I was surprised the book was written with examples in Ruby. Just surprised because I was in a Perl conference, and when I opened the book, it seemed like Perl. But I am happy with other programming languages, and Ruby is an interesting language.
My problem arrived when I started reading the Natural Language Processing section on the book. I’ve read a couple of paragraphs and get annoyed. The author claims that works since 1980 in Natural Language Processing, but the book contents on this subject are quite basic and not well explained.

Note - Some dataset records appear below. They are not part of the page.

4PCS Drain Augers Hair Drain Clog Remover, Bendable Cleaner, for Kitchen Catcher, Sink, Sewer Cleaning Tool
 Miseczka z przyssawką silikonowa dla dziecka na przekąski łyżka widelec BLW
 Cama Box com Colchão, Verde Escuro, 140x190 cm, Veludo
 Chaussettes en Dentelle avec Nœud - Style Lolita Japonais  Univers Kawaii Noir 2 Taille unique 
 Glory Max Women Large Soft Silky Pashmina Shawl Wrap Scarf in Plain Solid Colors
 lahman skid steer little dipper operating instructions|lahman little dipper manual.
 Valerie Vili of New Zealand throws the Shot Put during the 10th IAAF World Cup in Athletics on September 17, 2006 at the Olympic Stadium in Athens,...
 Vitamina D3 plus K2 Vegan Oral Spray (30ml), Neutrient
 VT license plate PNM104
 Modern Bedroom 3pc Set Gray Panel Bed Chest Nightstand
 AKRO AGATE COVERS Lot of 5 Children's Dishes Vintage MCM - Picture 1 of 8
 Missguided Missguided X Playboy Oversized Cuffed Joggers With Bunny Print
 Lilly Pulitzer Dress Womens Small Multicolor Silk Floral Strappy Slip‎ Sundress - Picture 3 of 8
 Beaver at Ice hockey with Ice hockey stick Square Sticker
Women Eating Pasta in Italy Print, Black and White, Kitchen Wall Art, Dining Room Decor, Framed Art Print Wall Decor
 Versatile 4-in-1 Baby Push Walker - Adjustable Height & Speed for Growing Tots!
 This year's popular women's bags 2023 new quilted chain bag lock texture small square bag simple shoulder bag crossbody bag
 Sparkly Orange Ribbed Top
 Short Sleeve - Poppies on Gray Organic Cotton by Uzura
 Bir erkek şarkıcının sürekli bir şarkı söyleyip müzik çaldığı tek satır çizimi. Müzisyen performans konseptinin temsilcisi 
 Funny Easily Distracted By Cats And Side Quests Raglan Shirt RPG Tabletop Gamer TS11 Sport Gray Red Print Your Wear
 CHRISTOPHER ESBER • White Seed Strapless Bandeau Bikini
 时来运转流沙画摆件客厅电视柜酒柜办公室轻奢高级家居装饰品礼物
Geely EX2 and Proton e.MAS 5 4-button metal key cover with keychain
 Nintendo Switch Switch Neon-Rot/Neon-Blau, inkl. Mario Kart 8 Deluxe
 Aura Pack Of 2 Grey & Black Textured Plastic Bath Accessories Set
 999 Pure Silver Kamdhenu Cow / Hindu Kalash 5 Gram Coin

Would like to point three aspects that annoyed me. Two of them are related to Natural Language Processing, one other just about how examples are written in a powerful programming language like Ruby:
- The section on stemming seems like black magic. It shows an example of an word, and the respective stemmed word. But it doesn’t explain how to perform that task. Just points to a module that implements that task. I am against this kind of book. It is crucial that the author explains the basics on how the algorithms are implemented. Otherwise the reader will not learn a thing.
- On the segmentation algorithm, to show that some special words can make this task difficult mentions the human names prefixes, like Mr., Dr., etc. Then, they use an array of these human name prefixes for the algorithm to work. Not a problem, that is a common approach. But not to mention that we are talking about abbreviations, and not just human name prefixes, shows a lot of ignorance. No, I can understand that the author knows that. But to get an example, and develop code just for that example, without generalizing it, seems a bad idea.
- Finally, I do not understand why the author needs to declare an array with the digits from 0 to 9 no match floating point numbers in a string. Doesn’t Ruby as regular expressions, or the usual isDigit method? Or, at least, methods to construct lists by comprehension instead of listing all digits?